QStringView is typically used in high-performance code where creating actual QString objects would be slow due to the memory allocation involved. I optimized QStringView so that it is as performant as handling a (const QChar*, size_t) manually. I even went to the length of having member function calls hand off inline to free functions, passing *this by value. All this is to avoid forcing QStringView objects onto the stack, or, more generally, into memory.

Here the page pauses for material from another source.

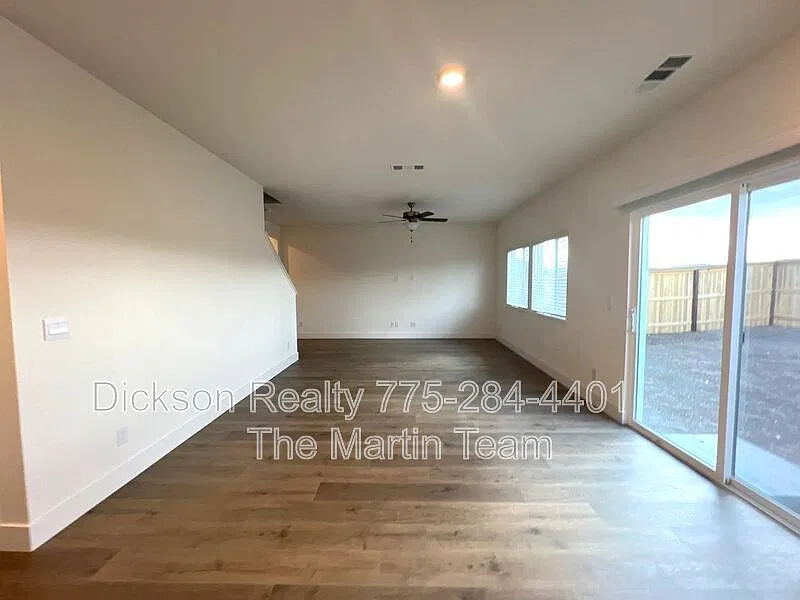 4 bed, 2.5 bath, 1716 sqft, $2,700 — Photo 2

In virtually all C++ compilers, a QStringView object is represented as a pair of CPU registers, and many C++ ABIs (sadly, excluding Windows) support passing such types in CPU registers to functions. If you wrote the member function naïvely, with an implicit this parameter as the address of the object, calling such a function out-of-line would force the compiler to allocate a QStringView object on the stack to be able to pass its address as the first argument of the member function.

There's a second argument for pass-by-value: there are less aliasing problems. As a reference type, QStringView exhibits that problem anyway, but consider std::complex: Take

std::complex &operator*=(std::complex &lhs, const std::complex &rhs);

(template args omitted for brevity). This can be called like this:

std::complex c = 3 + 4i;
c *= c;

If you naïvely implement operator*= as if it was a mathematical function:

auto r = real(), i = imag();
m_real = r * other.real() - i * other.imag();
m_imag = r * other.imag() + i * other.real();

you would have clobbered other.real() after the first line, thus calculating a wrong result (yes, people do write this code in production). Passing the rhs by value makes the problem go away.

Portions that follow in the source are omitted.